Quick analysis of first Mark III image

Michael Richmond

Jan 6, 1996

I have taken a very quick look at the first Mark III image that Tom Droege has released. My notes are sketchy, but may help others with the data.

You might also want to read my notes on a flatfield vector from an early Mark III image.

First, I have modified an earlier program I wrote to convert the Mark III data to FITS format. You might want to look at this ANSI C translation program, which I call markiii2fits.c.

Once I converted the image to FITS format, I could display it. Here's a small image --- you can click on it to get a larger one. The orientation is North up, East to the left (so the scan went from right to left).

You can see very clearly a variation in brightness from top to bottom of the image.
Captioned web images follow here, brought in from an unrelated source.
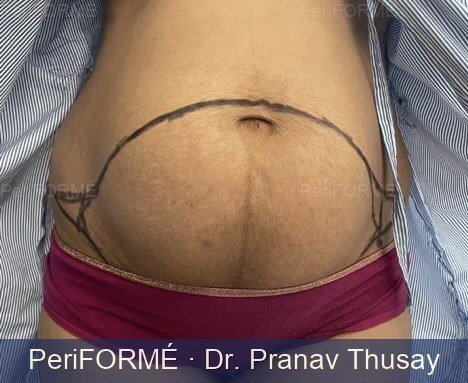 Tummy tuck and liposuction — Before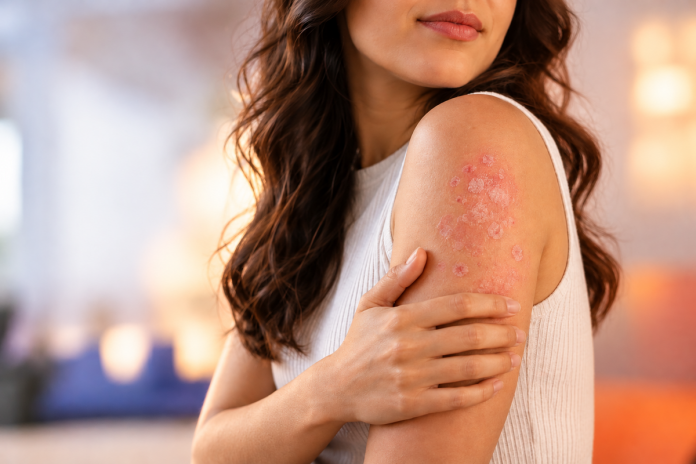 Psoríase pede cuidados com aspectos físicos e mentais Psoríase pede cuidados com aspectos físicos e mentais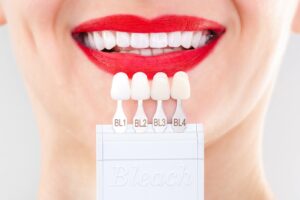 Close-up of a woman smiling and having her teeth color-matched for her porcelain veneers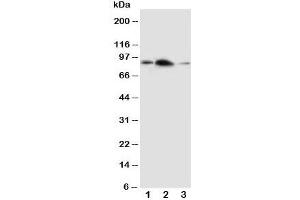 Western blot testing of APLP2 antibody and Lane 1:  rat brain;  2: rat heart;  3: human SMMC-7721 cell lysate (APLP2 antibody  (C-Term))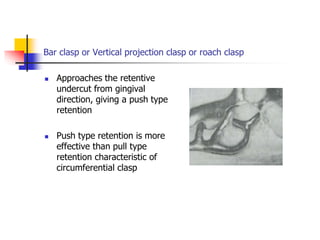 Bar clasp or Vertical projection clasp or roach clasp
 Approaches the retentive
undercut from gingival
direction, giving a push type
retention
 Push type retention is more
effective than pull type
retention characteristic of
circumferential clasp
 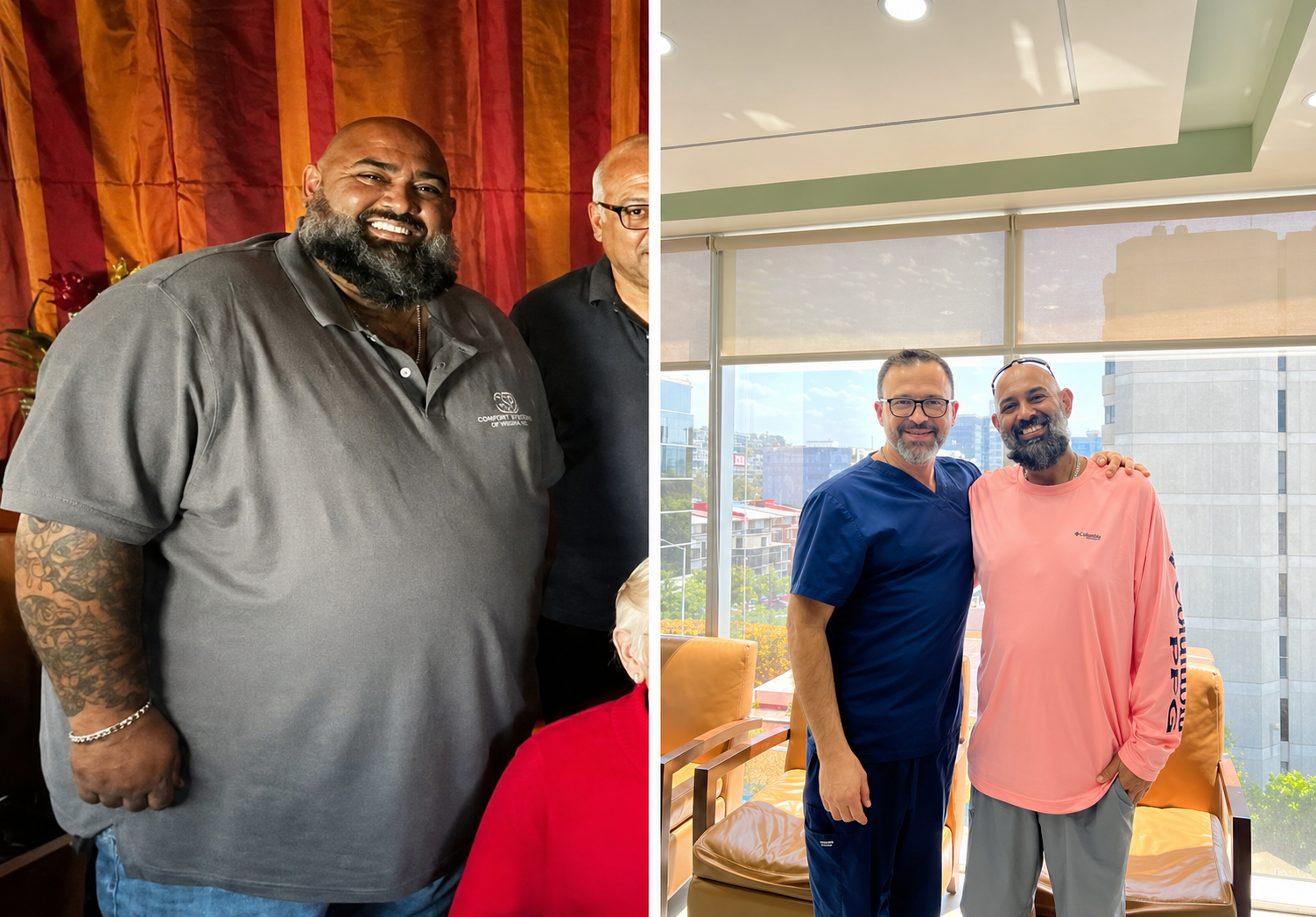 Gastric sleeve before and after, patient 8 - Allure RT MX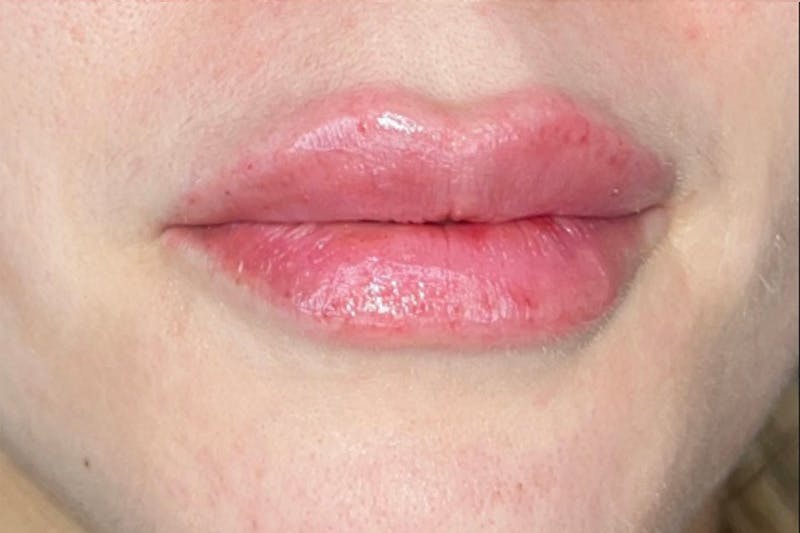 Lip Filler Before & After Gallery - Patient 383343 - Image 4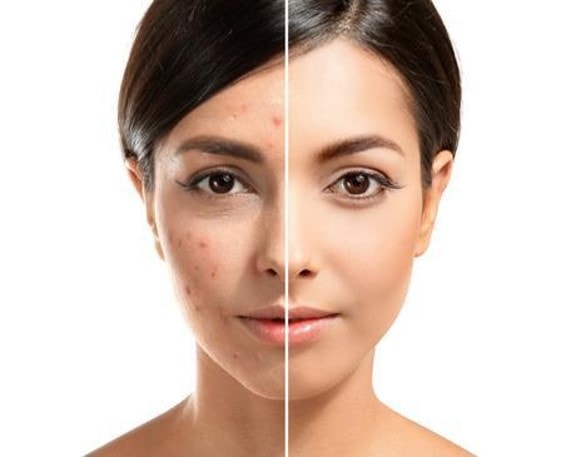 Before and After photo of Venus Versa Acne Treatment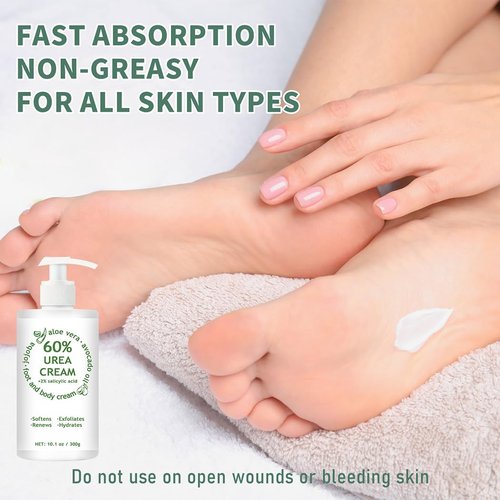 60% Urea Cream Maximum Strength, 10.1 oz - Foot & Hand Cream for Dry Cracked Skin, Callus Remover, with 2% Salicylic Acid - Deep Moisturizer for Cracked Heels, Rough Elbows & Knees - Fast Absorbing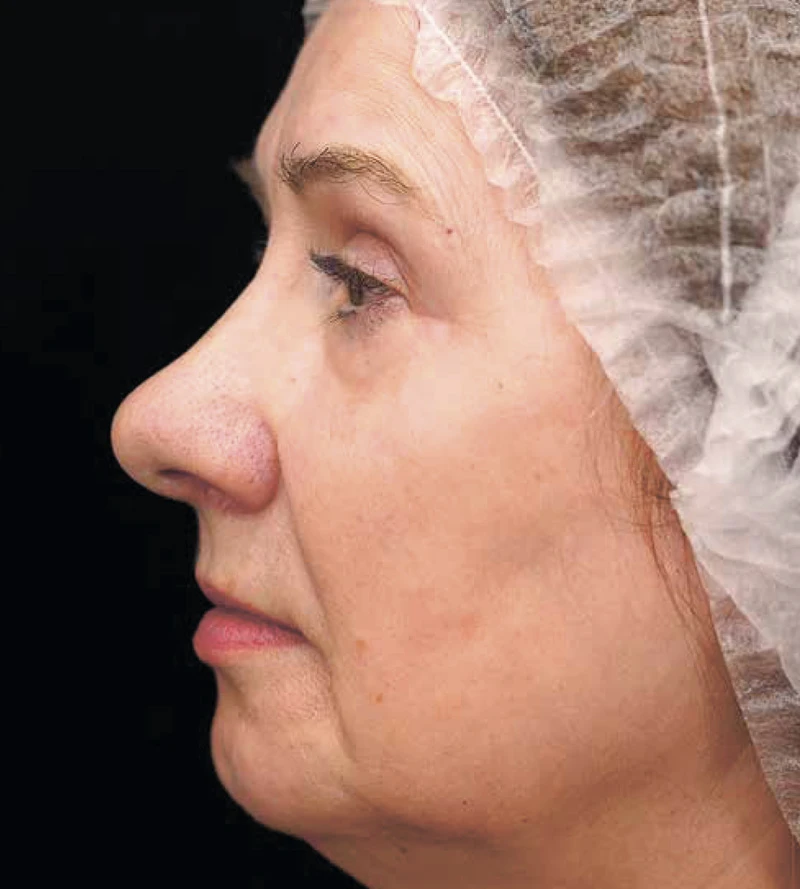 Bioregen + CO₂-лазер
There appears to be a bit of vignetting across the field, with the center areas more sensitive to light than the top and bottom (north and south) edges. In addition, the overall levels drop slightly from the beginning of the scan (right side = west) to its end (left side = east).

I don't know enough about the dark current to subtract it properly, so I just tried to do some cosmetic flatfielding by first making a 1-D vector formed by the median along columns. Dividing the raw image by this vector alleviated the vignetting. I then made a second 1-D vector formed by taking the median along rows to remove the variation in brightness with time. Having done so, I had a slightly more pleasing image to work with (again, click on the image to retrieve a larger version).

I find the image covers a field between (1950) RA=7h 53.5m to 8h 05.5m, Dec=-3.5 to -0.5. The bright star near top center is 28 Mon, a star that varies between V=4.68-4.70 with a period of about 0.2 days. The bright star near the lower-left (south-east) corner is SAO 135530, which has a magnitude V=6.8. SAO stars are, in general, prominent in this image.

To get some idea of the limiting magnitude, I made a closeup around 28 Mon, about 50x50 arcmin in size.

I compared this image to the HST Guide Star Catalog and matched up a few stars. Here's the info on 3 particular stars:

                    ID          mag          RA (J2000) Dec
------------------------------------------------------------------
box on left     484601744      12.0       8:02:32.9   -01:31:41.6
box on right    484600106      11.1       8:00:08.4   -01:11:22.2
circle           double      12.4+13.7

Based on this image, I estimate that the faintest objects that can be detected are V <= 12.5, and that a more reasonable limit for object with decent signal-to-noise is about V = 11.8. But these are rough numbers.

Note that 28 Mon (V=4.7) is saturated, as is SAO 135530 (V=6.8). However, a fainter SAO star (V=8.6) is not. Also note that 28 Mon has a bleed trail about 14 pixels long. SAO 135530 shows no bleeding at all.